SD: I didn’t realize what a total fabrication the crack baby was, whole-hog invention. I was also surprised by the extent to which the media presented accused molesters in daycare centers as guilty. I’m generally cynical about the media, but I was taken aback by how the media took the prosecutors’ side without awaiting trial, especially in the McMartin case. Then, the allegations weren’t true.
SB: So what’s next for “mom-ism”?
SD: It depends on the day, on the hour, what I think. At least two things are happening. There is an ongoing media backlash that urges women to stay at home, and indeed there is a slight decline in the percentage of women with babies under the age of two or three entering the work force. So, on the one hand, there is this enormous pressure for women to conform to a retrograde, one-size-fits-all motherhood. On the other hand, women are starting to talk back, in “momoirs” and through activism, an incipient movement of mothers. It’s an interesting crossroads.
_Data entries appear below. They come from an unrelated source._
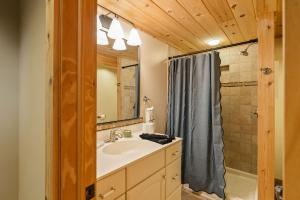 a bathroom with a sink and a shower at Velvet Timber Haus | HotTub, Sauna, Firepit, Games in Windham +46 photos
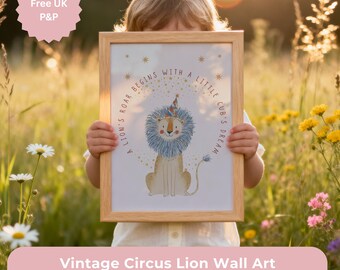 May include: A framed vintage circus lion wall art print. The illustration features a lion with a blue mane and a party hat, with the text "A lion's roar begins with a little cub's dream" around it.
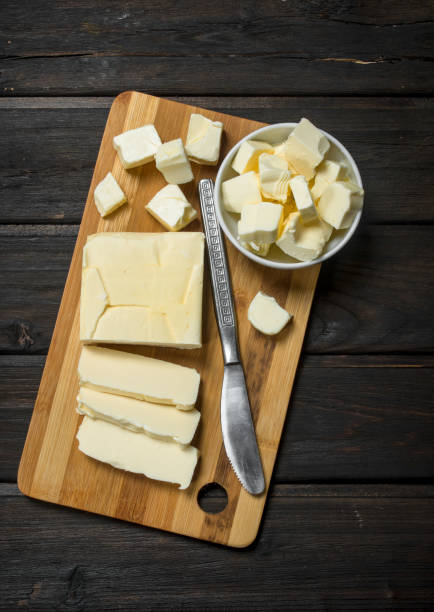 istock Butter on a wooden Board. 1141693053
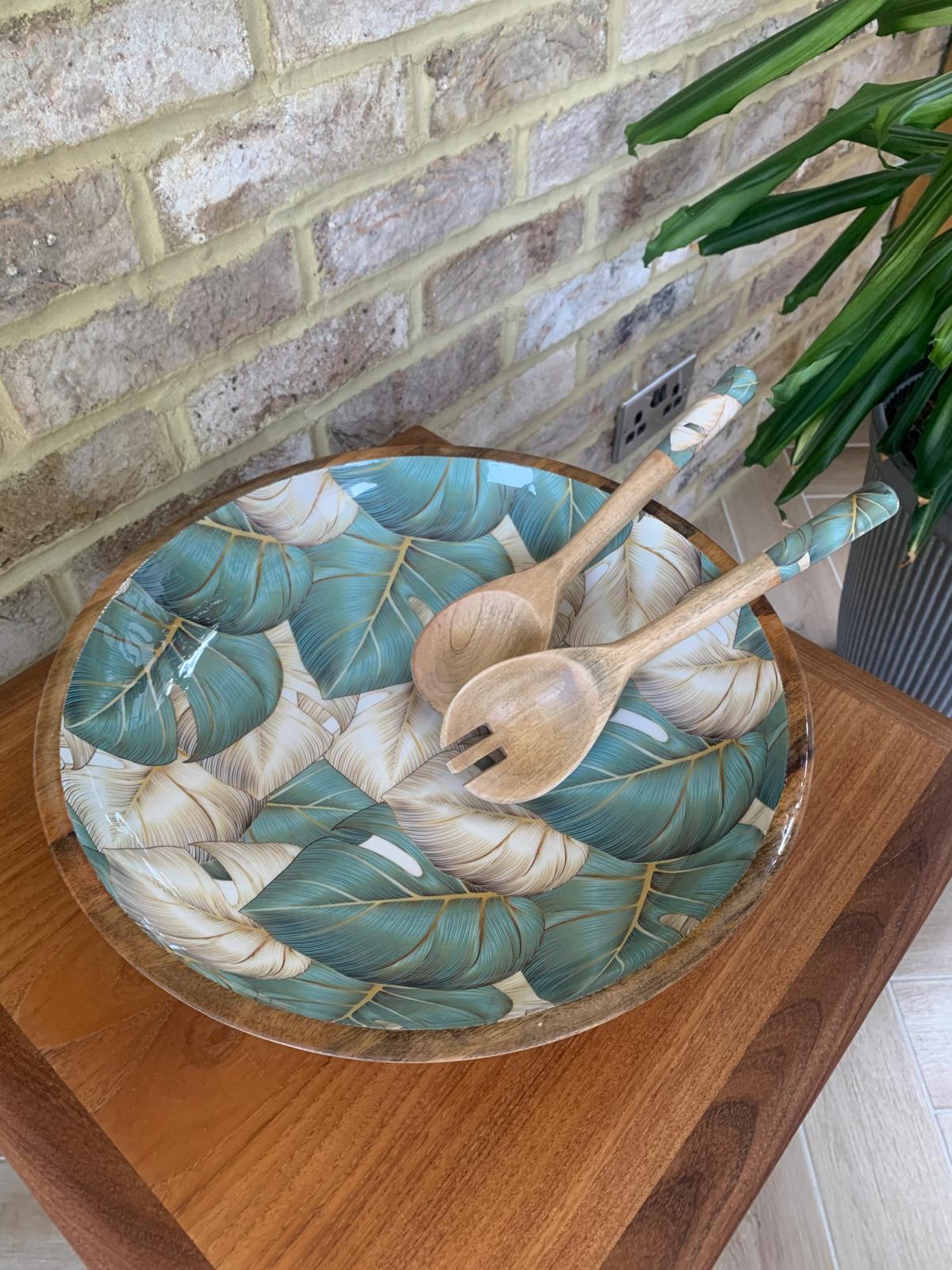 Large statement bowl with matching salad servers, Salad bowl. fruit bowl. This beautiful design features monstera (aka cheese plant) leaves in green & golden beige.  The ideal gift for anyone who loves house plants!!  Made from sustainable mango wood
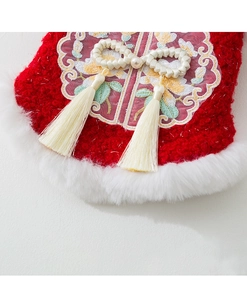 Detail of red fleece festive pet vest with white fur collar and pearl tassel knot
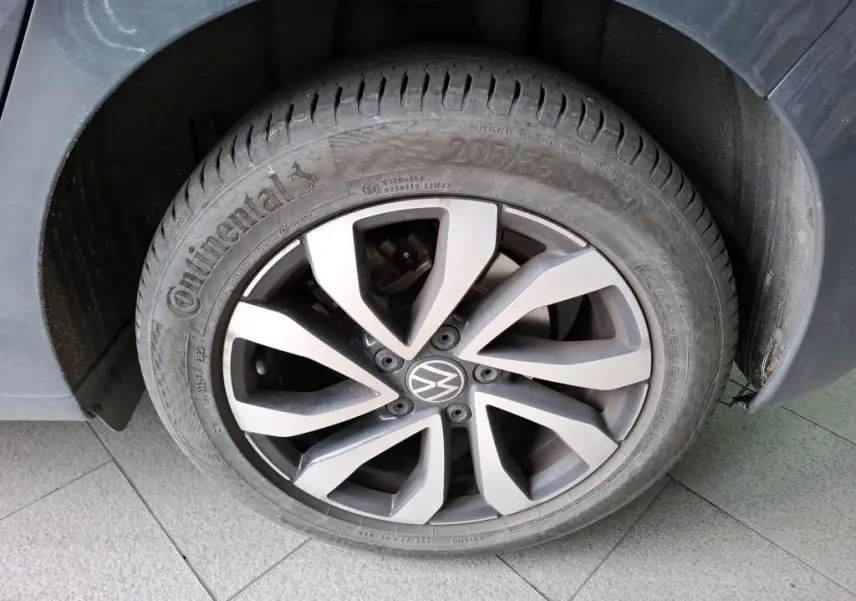 Gros plan sur la roue avant gauche d'une Volkswagen Golf gris 2022 avec jante alliage et pneu Continental.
MM: Women need to be freed from such intense self-policing, at which point perhaps they can articulate these issues politically and put their concerns on the agenda. Why are we the only industrialized nation without a substantive policy for paid family leave? We permit the workplace to squeeze out family life. Look, many women didn’t expressly choose to be stay-at-home moms but circumstances and finances compelled them to do so. If you can’t afford a nanny for your infant on the Upper West Side, you’ll be competing for 18 credible daycare slots. So, why aren’t women asking our presidential candidates what they will do for families?
SB: What has been the reader response to the book and what do you hope readers will ultimately take away from reading it?
SD: What was truly gratifying was the enthusiastic response from young stay-at-home moms, women between the ages of 20 and 30. These women were raised on the celebrity mother profile and now see that motherhood is not endlessly blissful but extremely demanding. I also met a lot of women in their fifties or older who raised kids in the seventies and are concerned watching their daughters and daughters-in-law tyrannized by the impossibly high standards now applied to motherhood. They are buying the book for their children.
MM: In the sixties and seventies, well-educated women began to wonder why they were picking up their husband’s socks: wasn’t he just as smart and wasn’t he just as able to pick up his own socks? Most women don’t realize how far feminism has taken us. In 1970, married women could not have a separate bank account or own a car themselves. In 1970, a woman could not marry and keep her name. In talking to women who have read the book, many I come across say that they didn’t realize feminism addressed motherhood. Their association — largely because of the media spin about feminism — was that feminists are anti-mothers.
Now, a lot of couples enjoy more equality until children arrive. It’s as if the introduction of the child is a chance for the man to regress. Maybe once a woman is a mother, she can kind of be his mother as well. I keep saying to women that wondering, “why am I the one doing ___?” is a feminist thought. Feminism wonders about this not just in regards to an individual relationship but within a system. I hope the book will be a consciousness-raising tool, to use an old-fashioned word and concept.